* _Dataset entries_:
++++++

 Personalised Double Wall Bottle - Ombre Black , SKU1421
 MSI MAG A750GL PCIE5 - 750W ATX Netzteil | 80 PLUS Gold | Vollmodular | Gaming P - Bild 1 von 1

++++++

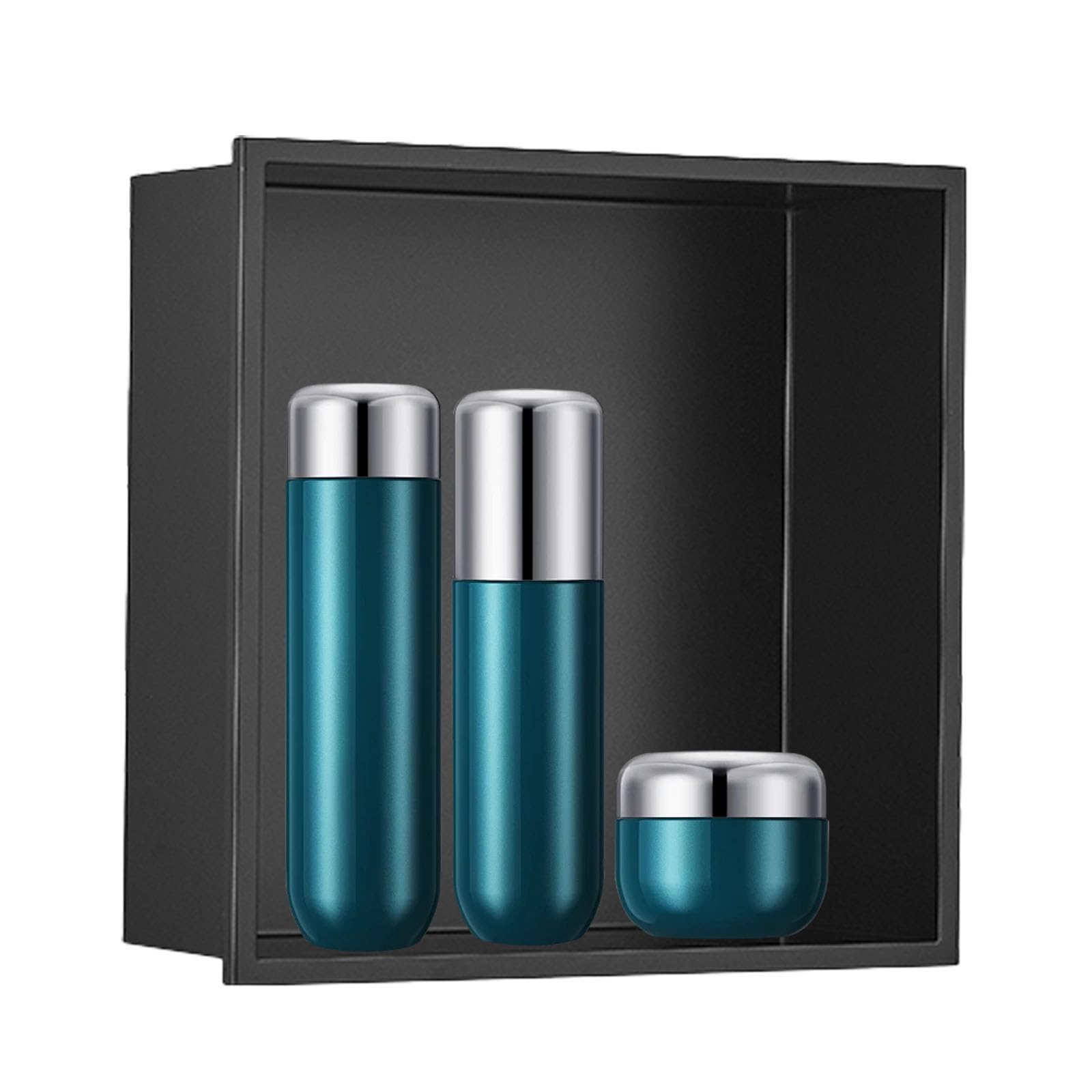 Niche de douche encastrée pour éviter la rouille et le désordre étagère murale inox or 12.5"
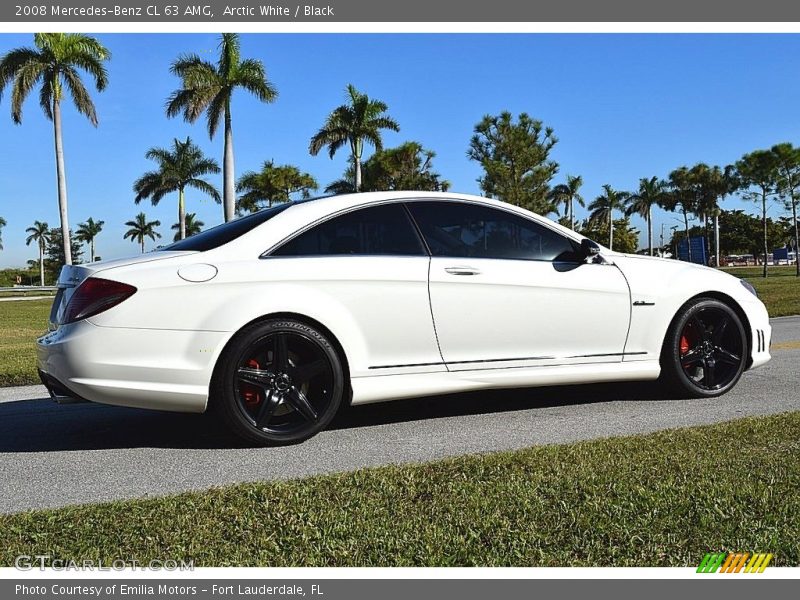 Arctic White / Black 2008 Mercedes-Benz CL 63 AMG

++++++

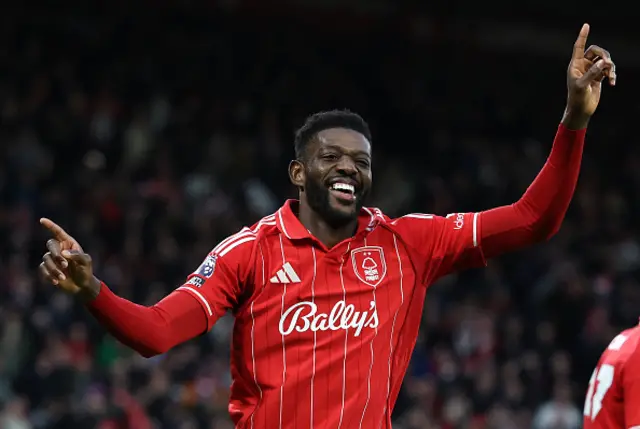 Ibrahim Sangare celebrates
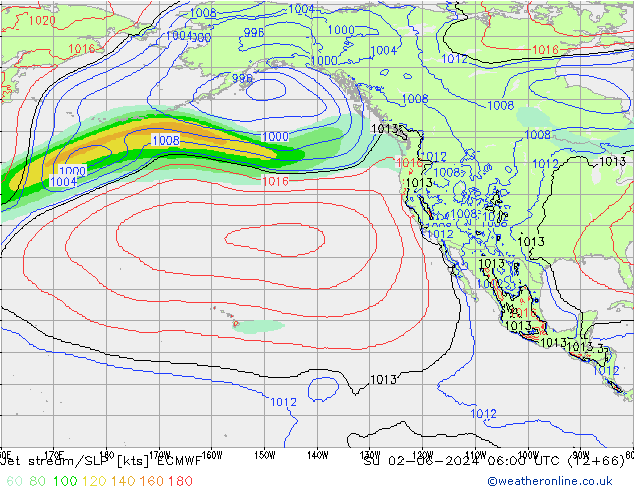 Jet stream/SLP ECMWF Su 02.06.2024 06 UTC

++++++

For this exercise, transcribe exactly the part of the records above that opens with the line containing "Ibrahim Sangare celebrates" and closes with the one containing "Jet stream/SLP ECMWF Su 02.06.2024 06 UTC". Pictures are not part of the copy.

* _Expected output_:
 Ibrahim Sangare celebrates
 Jet stream/SLP ECMWF Su 02.06.2024 06 UTC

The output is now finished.